Oberelsbach. Ein Jahr zum Freiwilligendienst nach Südafrika – die Partnerschaft des Biosphärenreservats Rhön mit dem südafrikanischen Biosphärenreservat „Kruger to Canyons“ in Kooperation mit dem „Verein für soziale Dienste International e.V.“ macht es möglich. Seit diesem Jahr gibt es für junge Leute erstmals die Chance, sich im Rahmen des Internationalen Jugendfreiwilligendienstes (IJFD) des Bundesfamilienministeriums im agro-sozialen Projekt „Hlokomela“ in Limpopo, der nördlichsten Provinz Südafrikas, zu engagieren.
Als erste Freiwillige wird in den nächsten Tagen Mona Bildhauer aus Münnerstadt die Reise nach Südafrika antreten, um dann für ein Jahr im Partnerbiosphärenreservat ehrenamtlich mitzuarbeiten. Beim Besuch einer vierköpfigen Delegation aus dem Partnerbiosphärenreservat, die zu einem einwöchigen Partnerschafts-Workshop in der Rhön weilte und dabei auch beim Rhöner Wurstmarkt ihre Heimatregion präsentierte, konnte Mona Bildhauer erste persönliche Kontakte knüpfen. Dabei lernte sie auch Marian Viljoen, eine Mitarbeiterin von Hlokomela, kennen.

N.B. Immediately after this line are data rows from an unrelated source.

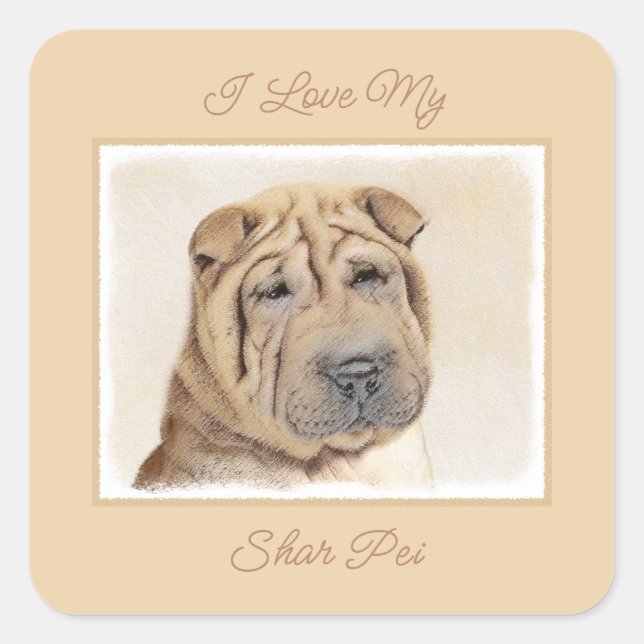 Shar Pei Painting - Cute Original Dog Art Square S Sticker (Front)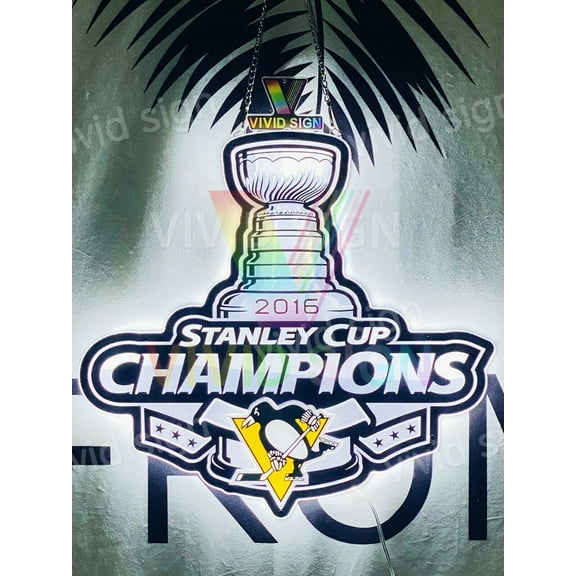 Queen Sense 17" For Pittsburghs Sports Team Penguins Hockey 2016 Champions 3D LED Sign Light Vivid Printing Tech Design Beer Bar Pub Decor Lamp 117PPH16SCCLED3D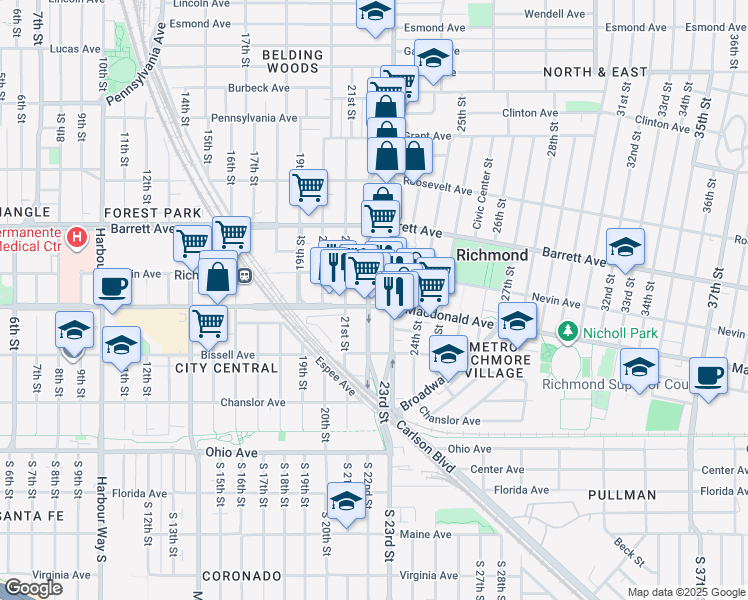 map of restaurants, bars, coffee shops, grocery stores, and more near 2207 Macdonald Avenue in Richmond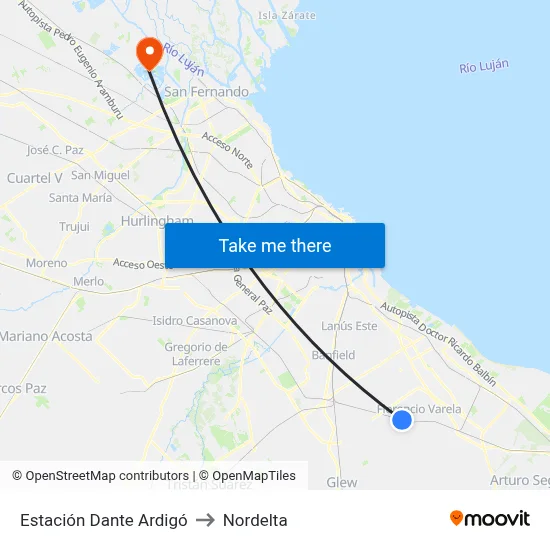 Estación Dante Ardigó to Nordelta map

Wie Debby Thomson vom Partnerbiosphärenreservat berichtete, ist AIDS immer noch ein großes Problem in Südafrika. Vor allem die Wanderarbeiter sind betroffen, Thomsons Schätzung nach sind rund 45 Prozent der Menschen, die auf den Farmen arbeiten, HIV-infiziert. Hlokomela ist ein mehrfach ausgezeichnetes Vorzeigeprojekt im Bereich der Betreuung HIV-erkrankter Farmarbeiter- und Farmarbeiterinnen. Hlokomela kümmert sich um die medizinische Versorgung, die Bildung und die sozialen Belange der Arbeiter und betreibt unter anderem einen Öko-Kräutergarten. Arbeiter mit gesundheitlichen Problemen werden regelmäßig kostenfrei mit Kräutern und mit frischem Gemüse versorgt, und ein Teil der Ernte wird vermarktet, wobei der Erlös vor allem in die medizinische Versorgung fließt.
Im Kräutergarten hat Anna-Lena May bereits wichtige Aufbauhilfe geleistet. Die Junkershäuserin war 2010 in die Partnerregion des Biosphärenreservats Rhön gereist, um dort auf eigene Faust die Arbeit vor Ort zu unterstützen. Als sie nach drei Monaten in die Heimat zurückkehrte, stand für sie fest: „Ich will wieder nach Südafrika und weitermachen.“ 2011 packte sie erneut ihre Koffer und war bei ihrem zweiten Aufenthalt mehr als ein Jahr tätig. Heute kann sie stolz auf das Geleistete sein: Mit ihren Erfahrungen aus der elterlichen Bio-Landwirtschaft und aus ihrem Beruf als stellvertretende Filialleiterin eines Lebensmittelmarktes hat sie den Kräutergarten ein großes Stück nach vorne gebracht. Der Anbau konnte verbessert und der Kundenstamm erweitert werden. So hat sich auch der Umsatz deutlich erhöht, und entsprechend mehr Gelder können in die Hilfe HIV-Infizierter vor Ort fließen. „Es ist kaum zu glauben, was Anna-Lena in einem Jahr alles bewirkt hat“, sagt Michael Geier, der Leiter der bayerischen Verwaltungsstelle des Biosphärenreservats Rhön. Sie hatte von sich aus auf Grund eines Zeitungsberichts Kontakt zur Verwaltungsstelle in Oberelsbach gesucht; die stellvertretende Leiterin Dr. Doris Pokorny daraufhin den Kontakt zum Partnerbiosphärenreservat hergestellt.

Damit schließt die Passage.